John’s prophetic ministry reminds us of our own role as a prophetic people, preparing the way of the Lord. Every Christian shares in Christ’s threefold office of priest, king and prophet. To share in his prophetic office means that, like Jesus, we bear witness to the world by our words and lives, bringing conviction of sin and the light of salvation. Jesus shares this ministry with us so that his Word is heard in all places, and this prepares his way in people’s hearts and prepares the world for his return. Each of us has a different part to play in that prophetic witness, but we all have the gifts necessary to witness prophetically in the place where God has called us. The passage speaks to us about this in three specific ways:
Firstly, What Is Your Wilderness? Like John, each Christian is called to be a prophetic witness uniqely in particular situations that may not be reached without us. It could be to an individual, a family, a neighbourhood, a workplace or even a nation or a specific cultural challenge. Ask God to show you the places where he wants you to witness prophetically. Ask him to give you deeper understanding of your faith and wisdom and courage to be prophetic in living it out.

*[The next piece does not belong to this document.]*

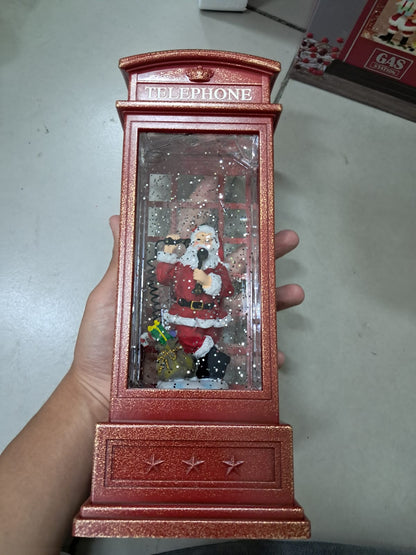 📞🎅 LÁMPARA NAVIDEÑA CABINA TELEFÓNICA CON NIEVE Y SANTA – DECORACIÓN PREMIUM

Secondly, Family Is Prophetic. At a time when family is under attack in so many ways, it is important to recognise the unique prophetic power that Christian families (with or without children) have to bring conviction and light to the world. Thus, couples should resist the temptation to see family life as a mere temporal good, instead seeing it as a place of deep sanctification and spiritual formation. Husbands and wives should reject the empty goals proposed for men and women by our culture and instead focus on the urgent task of being a spiritually fruitful household. Men are to lead their families in being spiritually fruitful, particularly in the nurture of their wives. Men’s work should always promote the unity and stability of family life, this then frees women to fulfil their uniquely feminine role of filling the household with spiritual life, peace, joy and love. This doesn’t mean that women are only to be housewives, or that they are less able than men to do jobs outside the home, only that in the pursuit of their vocations, family life should not be compromised. Only by this complementarity can a household truly embody God’s Kingdom and so be prophetic. This has implications for those who aren’t married too: If family is so important, then if God has providentially led you to singleness it must be for a purpose, one that he desires to make clear and equip you for.
Thirdly, Make Straight Paths. Like the laying down of the red carpet, the picture of making straight paths for the Lord invokes the idea of a royal welcome. In particular the picture of raising valleys and levelling mountains challenges us to think about our priorities. What things take up too much space in your life, dominate the landscape and overshadow other things? What things are too low, hidden and out of sight when they should be more prominent. This is not just a call to reorganise or try harder however. Rather, John’s ministry in the wilderness points to the cross of Christ, where the water of life flows from the desolation of Golgotha, and where we find not only conviction of sin and repentance, but the power to be healed and renewed by the life of Christ.